- **Exercise instructions**: Each line from the one containing "Pink flower with" through the last line of the data below should be printed exactly, please, with any pictures omitted.

[Image-text web data]

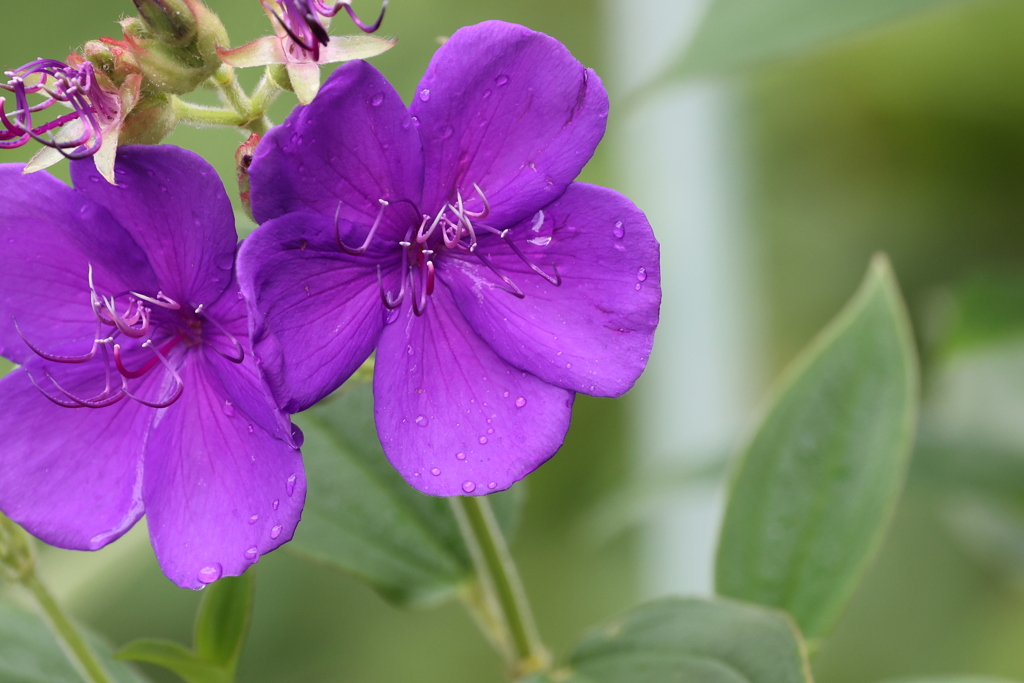 「あなたと踊ろう」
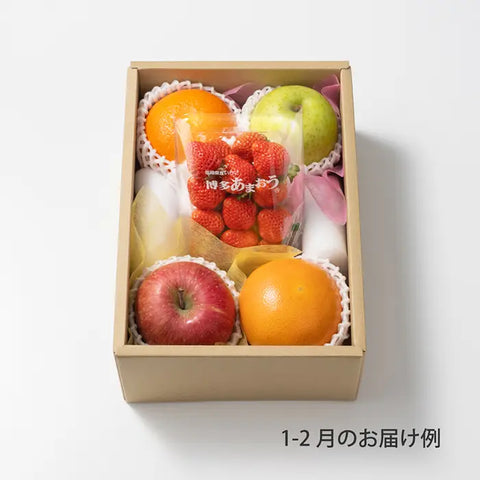 おまかせ旬のフルーツ BOX B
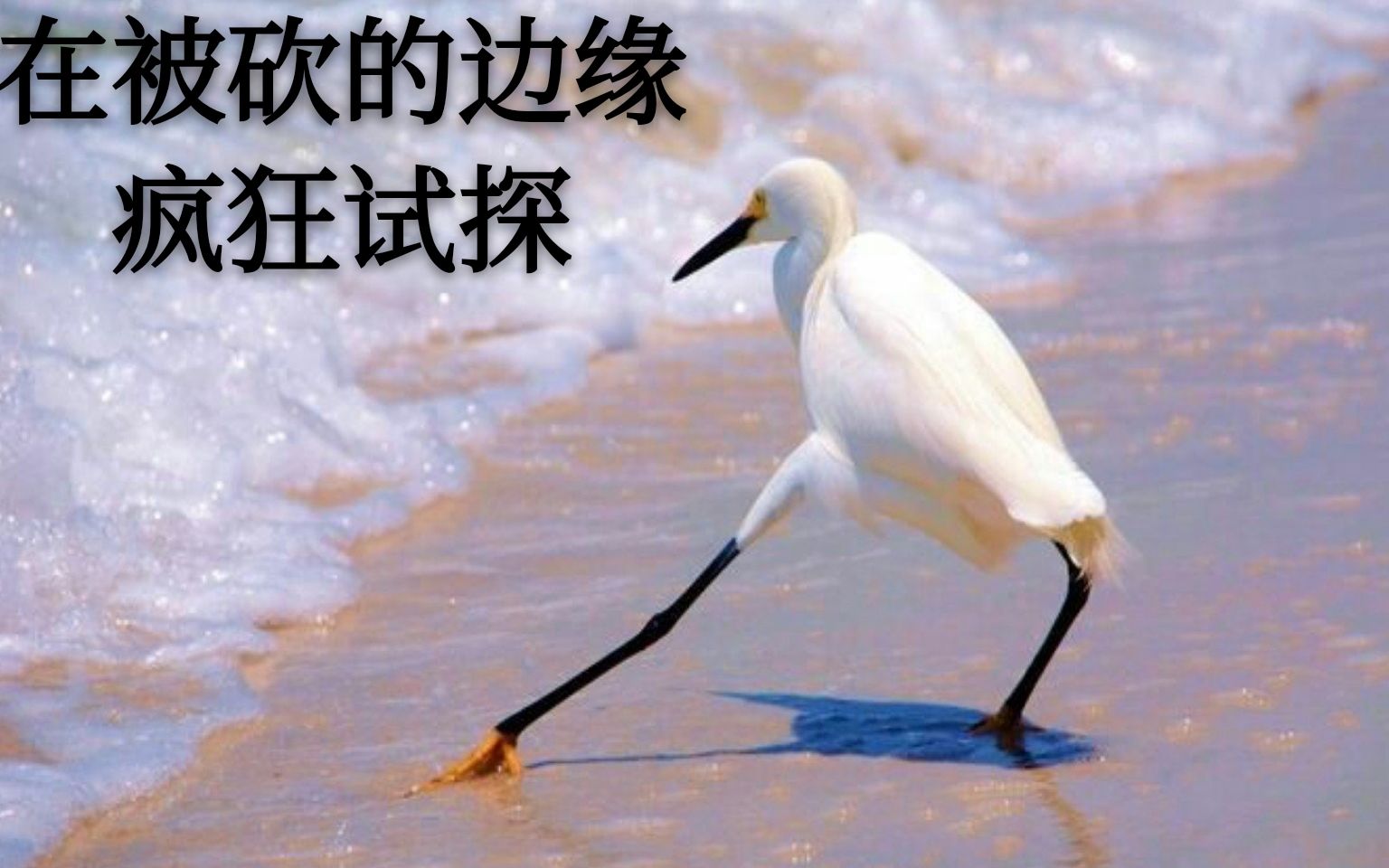 最后的春时素材了._哔哩哔哩 (゜-゜)つロ 干杯~-bilibili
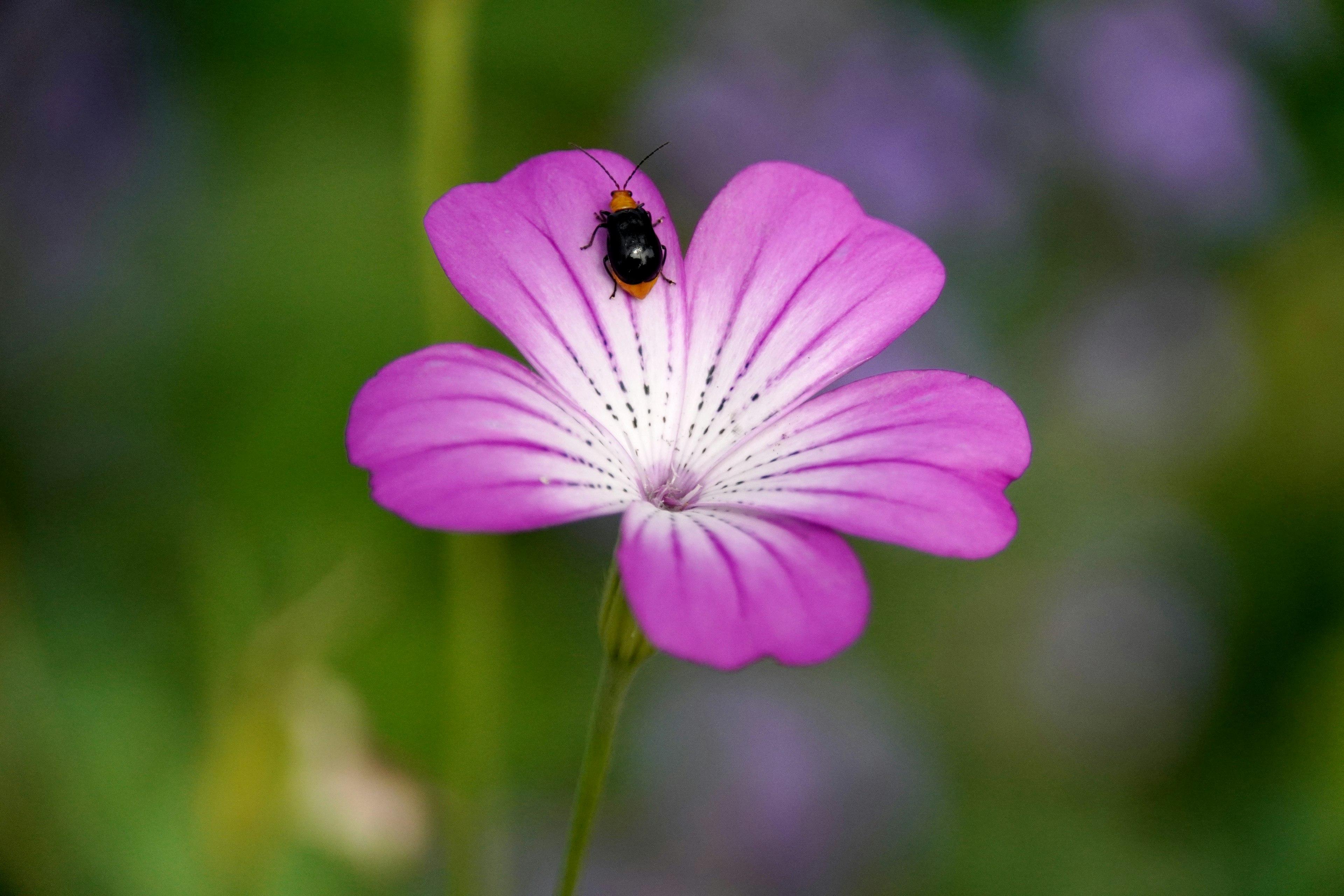 Pink flower with an insect on it vibrant natural background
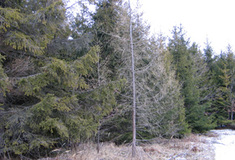 Krnovsko: Chřadnutí smrků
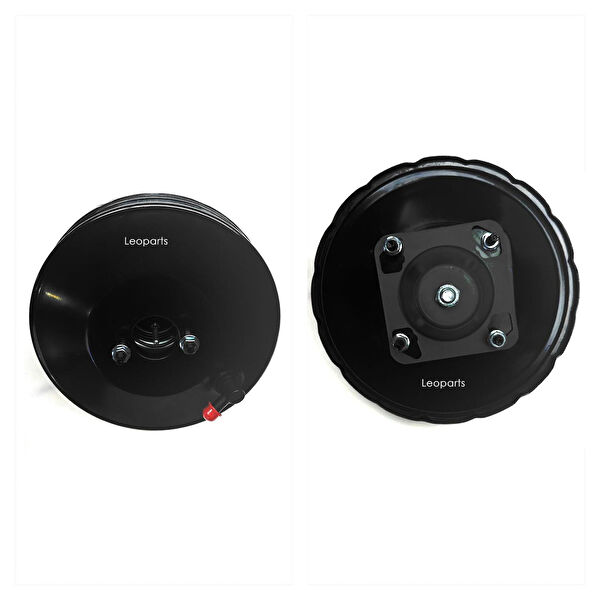 Leoparts Westinghouse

- **Result below**:
 Pink flower with an insect on it vibrant natural background
 Krnovsko: Chřadnutí smrků
 Leoparts Westinghouse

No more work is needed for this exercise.